[PROBLEM]:
Leave every picture out. Set down all the lines below exactly.

[INFORMATION SHOWN]:

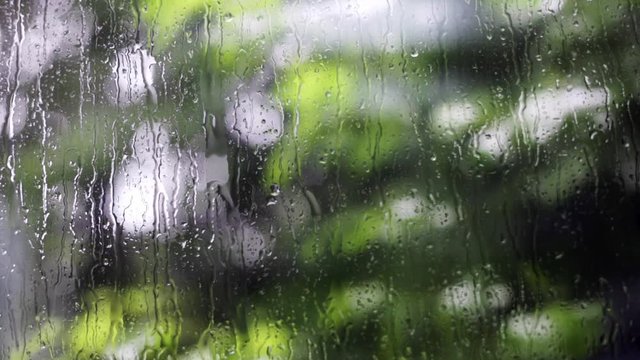 Natur Regenwetter Hintergrund  Regentropfen auf Fensterscheibe zum garten 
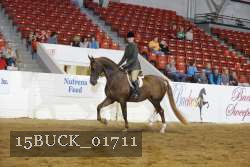 15BUCK_01711 proof
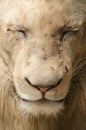 Wounded male lion - close up Royalty Free Stock Photo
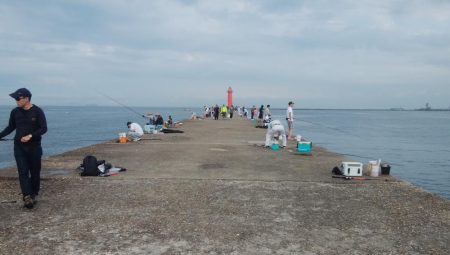 播磨新島のキス情報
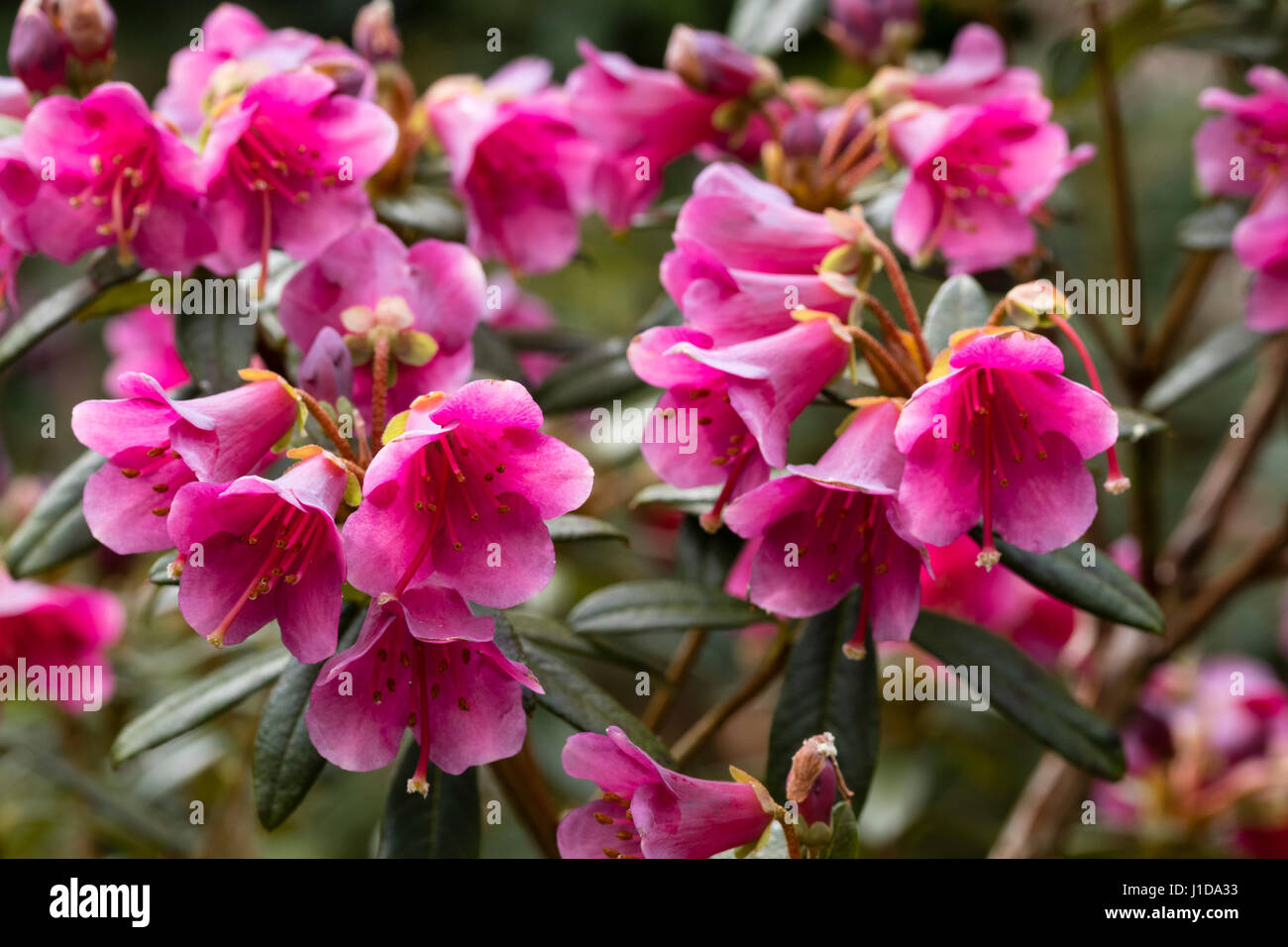 Pflaume rosa Blten von Hardy, immergrn, Mitte Frhling blhender Strauch,  Rhododendron glaucophyllum Stockfotografie - Alamy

[PROBLEM SOLUTION]:
 Natur Regenwetter Hintergrund  Regentropfen auf Fensterscheibe zum garten 
 15BUCK_01711 proof
 Wounded male lion - close up Royalty Free Stock Photo
 播磨新島のキス情報
 Pflaume rosa Blten von Hardy, immergrn, Mitte Frhling blhender Strauch,  Rhododendron glaucophyllum Stockfotografie - Alamy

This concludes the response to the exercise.